Elizabeth Sudmeier (May 12, 1912 – April 7, 1989) was an American spy and founding member of the Central Intelligence Agency. Sudmeier was involved with The Petticoat Panel, a report about the status of women in the CIA.

== Early life and education ==
Sudmeier was born in Timber Lake, South Dakota, close to the Great Sioux Nation. Her father was fluent in the Sioux language. She studied English literature at The College of St. Catherine and graduated with a bachelor's degree in 1933. Sudmeier returned to South Dakota in 1933, where she worked as an English teacher for five years. She joined a bank in 1935, where she worked as a secretary.

== Career ==
In World War II Sudmeier joined the Women's Army Auxiliary Corps as a corporal. She had assignments in Edmonton and Fairbanks. She was awarded the World War II Asiatic Pacific Campaign Medal. Sudmeier joined the Central Intelligence Group, where she worked as a stenographer in the Office of Reports and Excellence. She became a charter member of the Central Intelligence Agency in 1947, and then transferred there from the Central Intelligence Group in 1951.
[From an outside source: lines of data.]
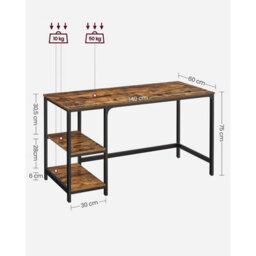 Office Writing Desk, Steel Frame Work Table With 2 Adjustable Shelves, Industrial Style, Rustic Brown And Black - thumbnail 8
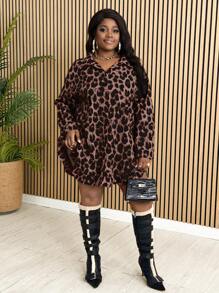 Slaydiva Plus Size Autumn/Winter Leopard Print Ruffled Hemline Asymmetric Long Sleeve Shirt
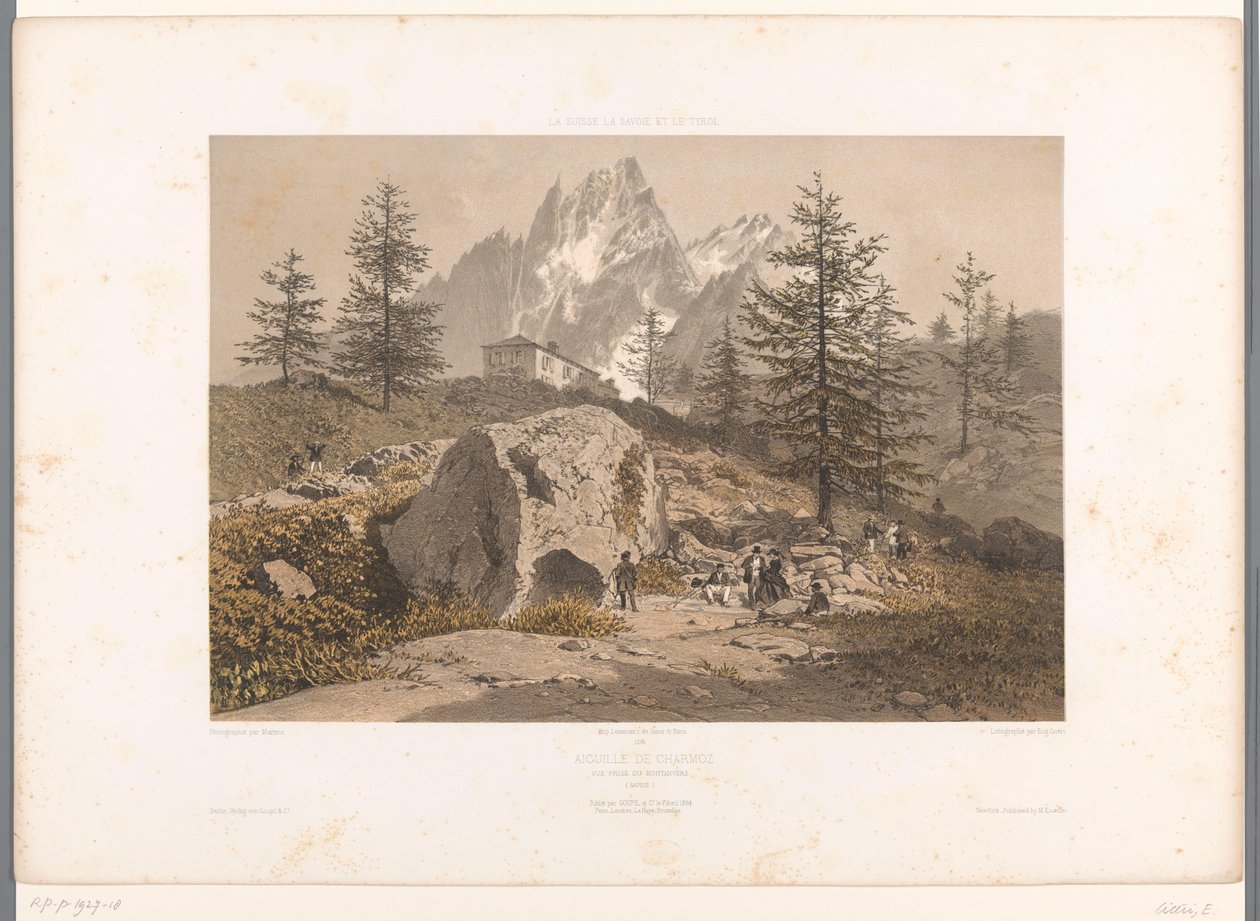 Landskap med vandrare och utsikt över Aiguille des Grands Charmoz Aiguille de Charmoz (titel på objekt) Sevärdheter i Schweiz, Savojen och Tyrolen (serietitel) La Suisse, la Savoie et le Tyrol (serietitel på objekt) av Eugene Ciceri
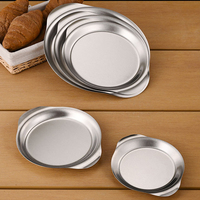 Assiette de service ronde en acier inoxydable de haute qualité, plateau à double anse doré pour cuisine, assiette à condiments, plateau de service pour fondue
Sudmeier was one of few women in the Junior Officer Trainee program in the 1950s. She worked as a reports operator, managing the Stations' Foreign Intelligence production. She was responsible for collecting information about priority targets and relaying information to the Central Intelligence Agency. During her first field assignment Sudmeier was involved in a counterintelligence operation. She was involved in a nine-year campaign in the Middle East where she coordinated an agent to assess Soviet military hardware. One day in early 1954, Elizabeth Sudmeier loitered outside a cafe in Baghdad, taking care not to draw attention to herself. In a few minutes, the man she had been anticipating, the one she had spent months persuading to meet her, arrived, handed her an envelope and moved on. Sudmeier had just stolen Soviet secrets … the blueprints for the MiG-19 jet fighter, just gifted by Moscow to the Iraqis to gain favor in the region.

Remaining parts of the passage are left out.